- Born: January 8, 1981 Salzburg, Austria
- Occupation(s): Electronic musician, producer, DJ

= Stefan Obermaier =

Stefan Obermaier (born 8 January 1981) is an Austrian electronic musician, producer and DJ.
Born in Salzburg, Stefan Obermaier lives and works in Vienna since 2001. He produces different house music styles, downtempo and electronica.

== Life and music ==
His parents gave Stefan Obermaier his first electronic keyboard when he was just five years old. In the early 1990s, he already played in various funk and jazz projects. In 1997 and 1998, he won the Austrian Band Contest with his school band for his original compositions. Inspired by the "Vienna Sound" in the mid 1990s, Stefan made it at the age of 17 to the forefront of performing electronic musicians in the Salzburg area. During a time before the convenience of laptops he was one of the very few hauling around their computers and installing them in venues for gigs.

After finishing school, Obermaier moved to Vienna in 2001 to study music science, but left the University after four semesters upon signing his first record contract with Universal Music in order to focus on his music. The first original recordings under his own name got released through the Viennese music label "Vienna Scientists". He worked further on remixes for a.o. M, Mark Murphy, Supermax, Armada Music, !K7, Compost Records, Music For Dreams and many more.

At the same time, Obermaier started a series of reinterpretations from classical music repertoire. In 2008 Obermaier revealed his "Classic Reloaded" project, where he developed the fusion of his own electronica with the prestigious works of great classical composers, thereby creating a new musical concept starting with "Beethoven Reloaded" (2008) followed by "Mozart Reloaded" (2012). Obermaier received three golden and one platinum award for his "Classic Reloaded" project.

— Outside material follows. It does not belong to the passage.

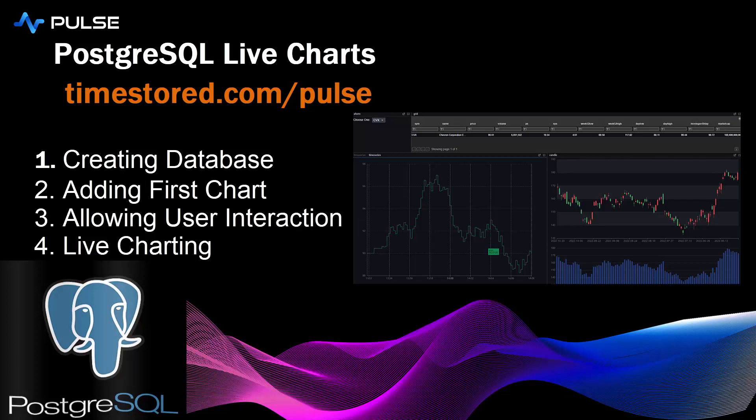In this demo I'm going to show you how to create a real-time dashboard based on a PostgreSQL database.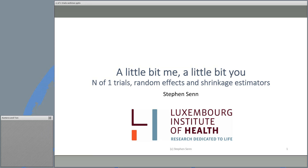Steven Senn here. I'm going to talk about N of 1 trials, random effects, shrinkage estimators and how we can try and use these for two particular purposes.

In 2012 Stefan Obermaier and his former partner Zwetelina Angelova founded their own label imprint "Drift Recordings", inaugurated by its first release, the "Bagana EP" and the single "Traveler", which reached the Top 10 of Germany's (DCC) and UK's (Cool Cuts) leading club charts.

== Discography ==

=== Releases ===
- 2022: Senses (feat. Paax Tulum) (Sirin)
- 2021: Keya (Trndmsk)
- 2020: Sierra/Delta (Drift Recordings)
- 2020: Na Nah (Madorasindahouse)
- 2020: Odori (Drift Recordings)
- 2019: Atha/Saree (Drift Recordings)
- 2019: Jago (Natura Viva)
- 2019: The Exchange (Collaboration Album with Richard Dorfmeister a.o. (Dr. Rich Recordings)
- 2018: This Vibe (Album) (Universal Music)
- 2017: Spirit (Stefan Obermaier, Wally Lopez) (Natura Viva)
- 2016: Indigo (Drift Recordings)
- 2015: Sinaye/Dawning (Drift Recordings)
- 2014: Magolie/Monsoon (Drift Recordings)
- 2013: Alpino EP (Drift Recordings)
- 2012: Apia (Drift Recordings)
- 2012: Shishanna EP (Drift Recordings)
- 2012: Traveler (Drift Recordings)
- 2012: Bagana EP (Drift Recordings)
- 2009: Drifter EP (Vienna Scientists Rec.)
- 2004: Inna Fat Dub Combo (Vienna Scientists Rec.)

=== Remixes ===
- 2021: Paax (Tulum) "Wallas" (Stefan Obermaier Remix) (Scorpios Music)
- 2021: Solar Moon "Mwezi" (Stefan Obermaier Remix) (MP Music)
- 2021: Fat Freddy's Drop "Kamo Kamo" (Richard Dorfmeister & Stefan Obermaier Remix) (Best Friends Music)
- 2020: Be Svendsen "Man on the Run" (Richard Dorfmeister & Stefan Obermaier Remix) (Music for Dreams)
- 2019: Antoine Michel "Esperansia" (Richard Dorfmeister & Stefan Obermaier Remix) (Dr. Rich Recordings)
- 2018: To Ricciardi "Segredo feat. Danae (Richard Dorfmeister & Stefan Obermaier Remix) (Sururu Records)
- 2018: Pablo Nouvelle "Sunshine In Stereo" (Richard Dorfmeister & Stefan Obermaier Remix) (Armada Music)
- 2017: Tosca "Friday" (!K7 Records)
- 2017: Christian Pommer "Tin Man" (Richard Dorfmeister & Stefan Obermaier Remix) (Compost Records)
- 2016: Max Doblhoff "Mama Jo feat. Idd Aziz (Hoehenregler Records)
- 2015: Tosca "Open Sky" (!K7 Records)
- 2014: Shantisan "Conexao" (Royal Soul Records))
- 2013: Max Doblhoff "Djemaa" (Clubcruise Music)
- 2013: Rodney Hunter "Midas" (Hunter Recordings)
- 2011: Ed Royal "That's That Shit" feat. BadKat (Invision Rec.)
- 2010: Special Stereo "Save Me" feat. Don Abi (Special Stereo)
- 2009: M "Pop Muzik" (Echo Beach Rec.)
- 2008: Three minutes with Mark Murphy "Secrets" (Vienna Scientists Rec.)
- 2007: Supermax "Camillo" (Universal Music)
- 2006: Timewarp Inc. "The Obsession Bug" (Timewarp Music)
- 2006: Razoof "Spirituality" (Phazz-A-Delic Rec.)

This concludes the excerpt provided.